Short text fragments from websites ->
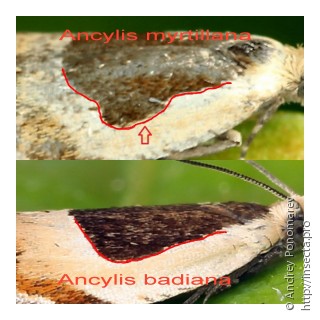 Имаго  Ancylis myrtillana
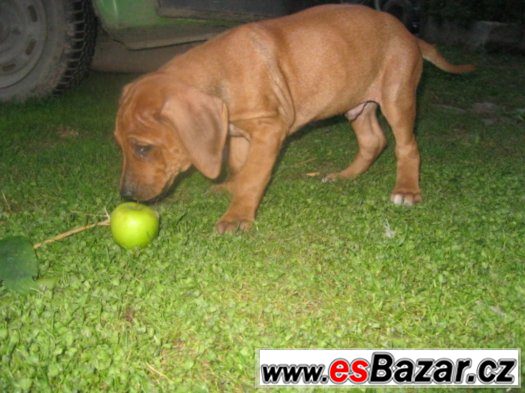 rhodézský ridgeback – fotografie 2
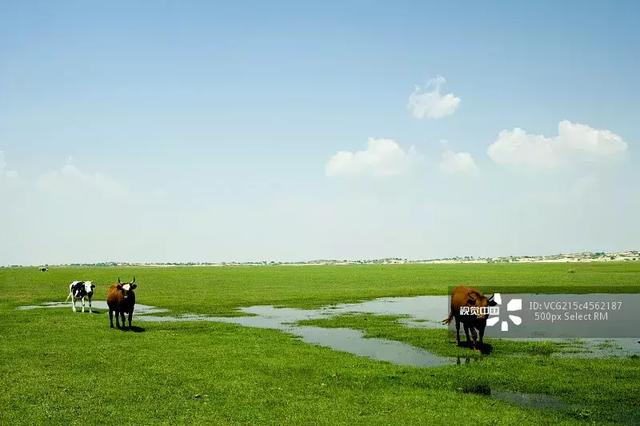 西安首家黑龙江特色烤肉排行榜之冠，黑龙江特色烤肉「抖音里的烤肉，你吃了吗？」  第3张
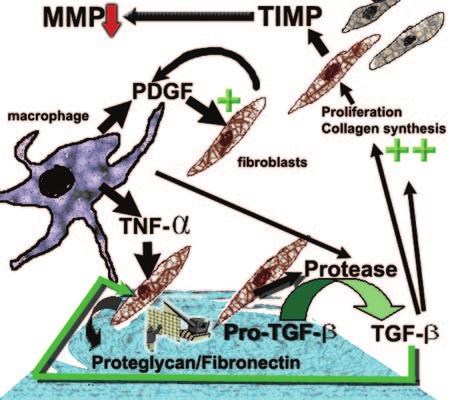 Fibroblasts elaborate IL-6, G-CSF, and GM-CSF to further enhance macrophage and fibroblast chemoattraction. Fibroblasts release IFN-, which causes monocytes to transform into macrophages.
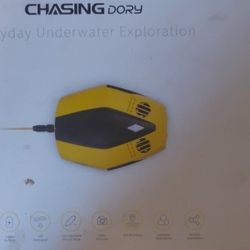 Underwater Drone, Chasing Dory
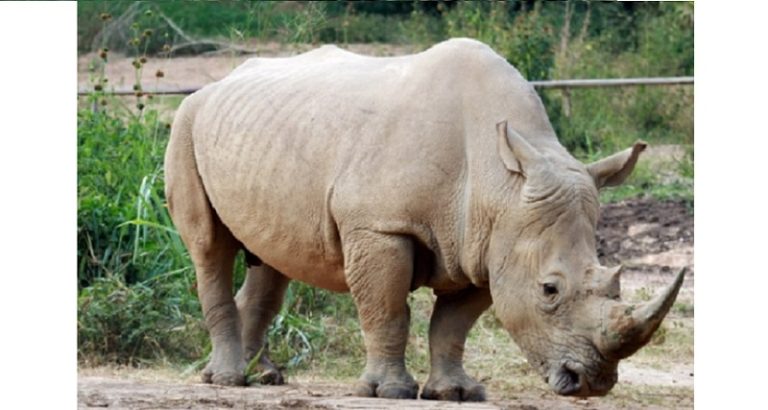 وحيد قرن يقتل حارسة!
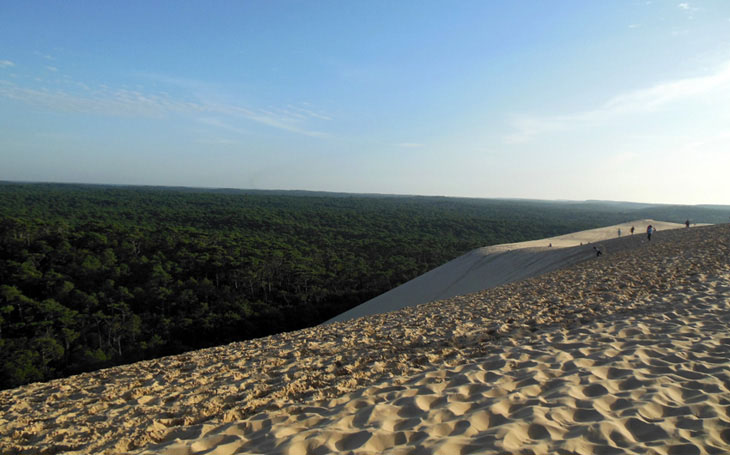 Dune du pilat une pinenwald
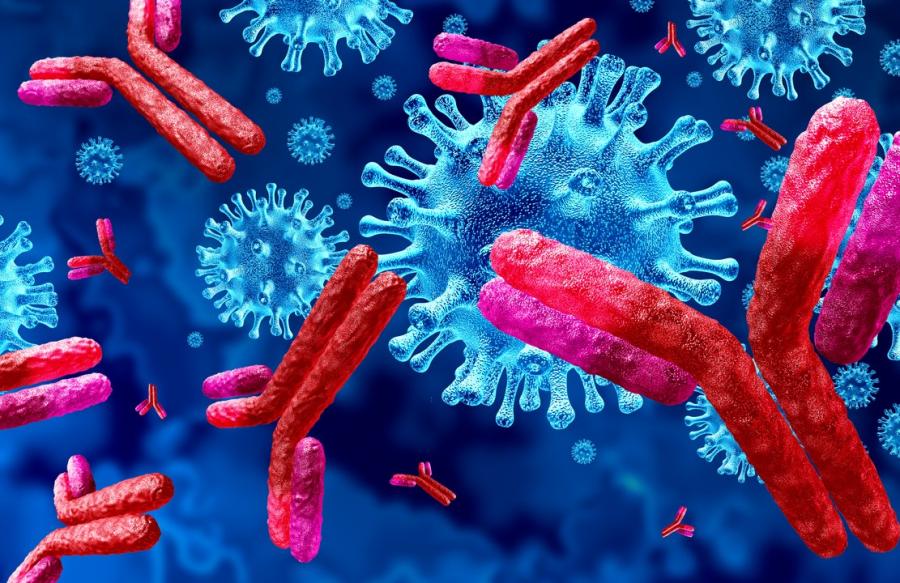 Anticorpos "lutando" contra o novo coronavírus (Fonte: iStock)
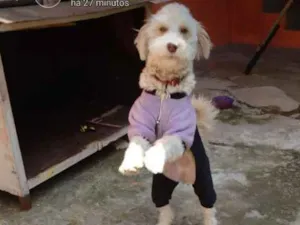 Cachorro raça Podle idade 1 ano nome Não tem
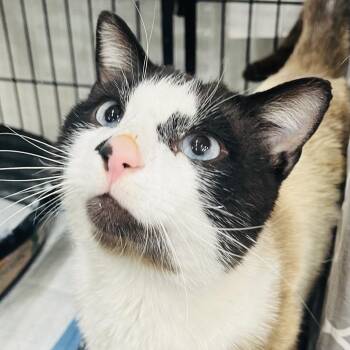 Berron -  Snowshoe Cat for Adoption in Marysville, Ohio - Berron | PetCurious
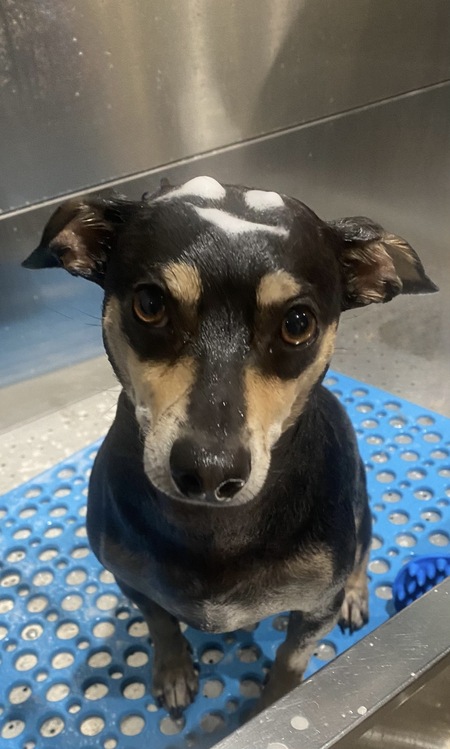 Entry image for Dobie. Clicking this image will show a larger photo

Exercise details -> Output nothing except an exact copy of the records above, with the images left out.

Solution for this exercise ->
 Имаго  Ancylis myrtillana
 rhodézský ridgeback – fotografie 2
 西安首家黑龙江特色烤肉排行榜之冠，黑龙江特色烤肉「抖音里的烤肉，你吃了吗？」  第3张
 Fibroblasts elaborate IL-6, G-CSF, and GM-CSF to further enhance macrophage and fibroblast chemoattraction. Fibroblasts release IFN-, which causes monocytes to transform into macrophages.
 Underwater Drone, Chasing Dory
 وحيد قرن يقتل حارسة!
 Dune du pilat une pinenwald
 Anticorpos "lutando" contra o novo coronavírus (Fonte: iStock)
 Cachorro raça Podle idade 1 ano nome Não tem
 Berron -  Snowshoe Cat for Adoption in Marysville, Ohio - Berron | PetCurious
 Entry image for Dobie. Clicking this image will show a larger photo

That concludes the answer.